To do: Down to the last line of the listing, starting at the one with "Door to door", retype each line exactly. Do not copy the pictures.

Dataset excerpt:
◆ ◆ ◆ ◆

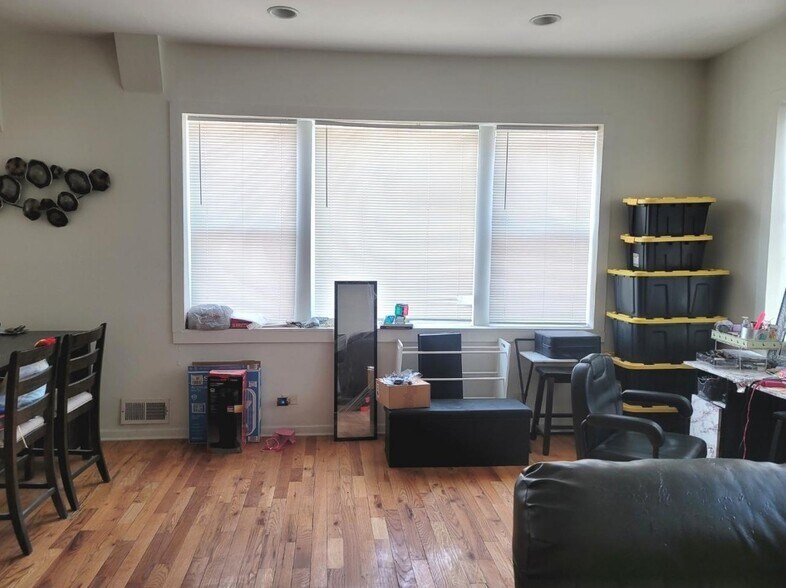 More Photos Of 63 E 43rd St, Chicago Storefront Retail Residential For Sale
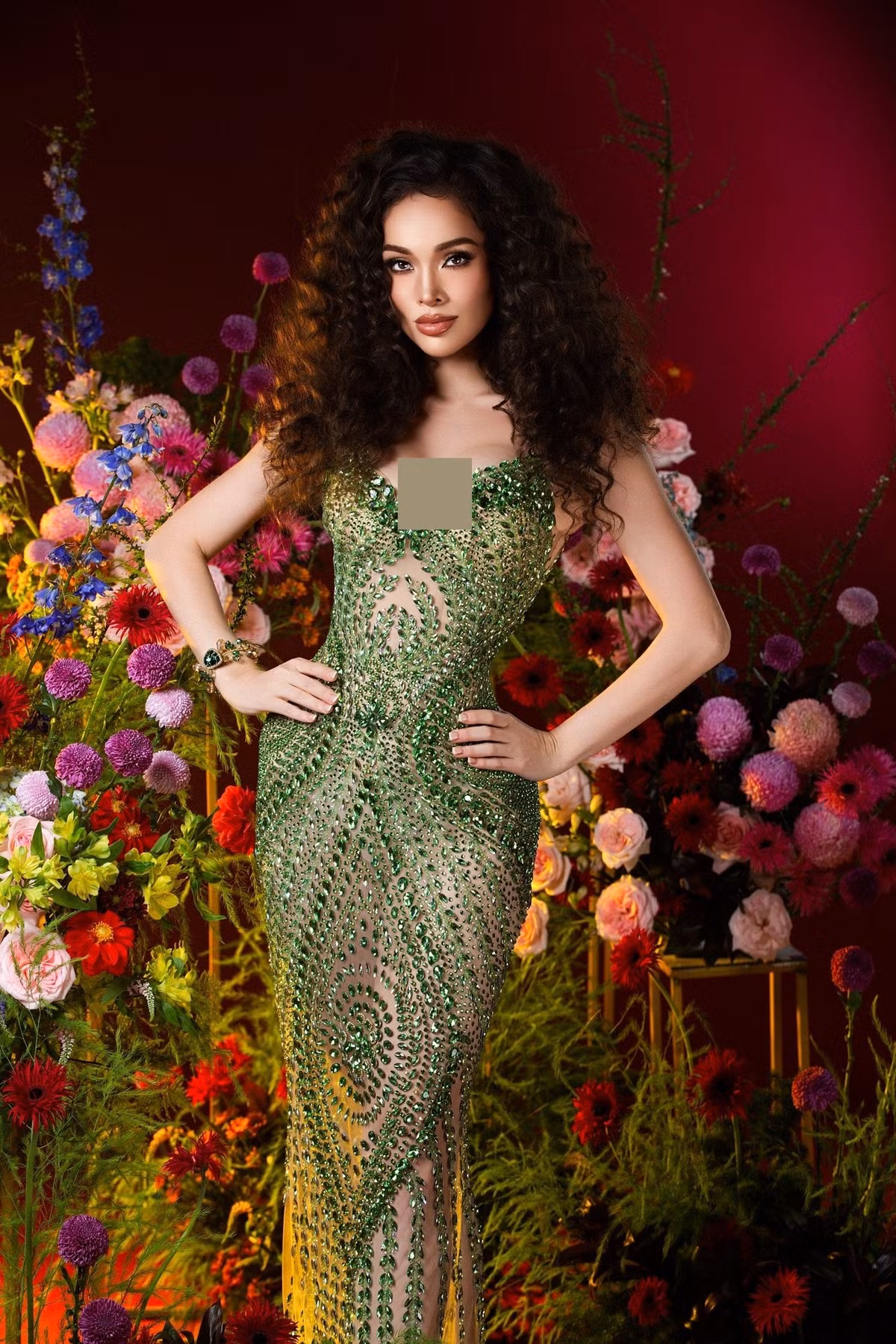 Đại diện Mexico - Francia Cortes khoe vẻ quyến rũ với trang phục dạ hội xuyên thấu.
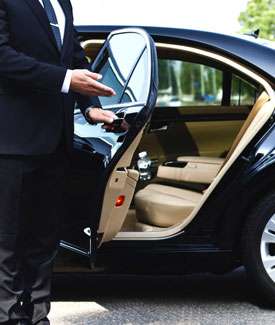 Door to door transfer Airport Transfer Service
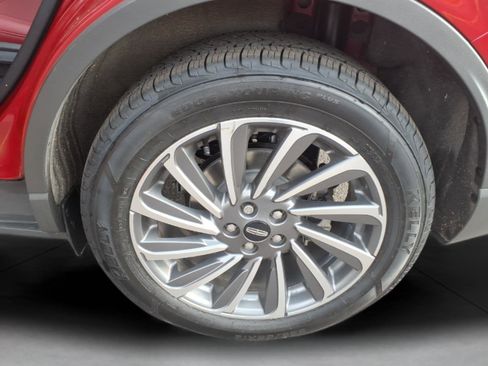 Used 2023 Lincoln Corsair Reserve w/ Equipment Group 201A image 15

◆ ◆ ◆ ◆

Final answer:
 Door to door transfer Airport Transfer Service
 Used 2023 Lincoln Corsair Reserve w/ Equipment Group 201A image 15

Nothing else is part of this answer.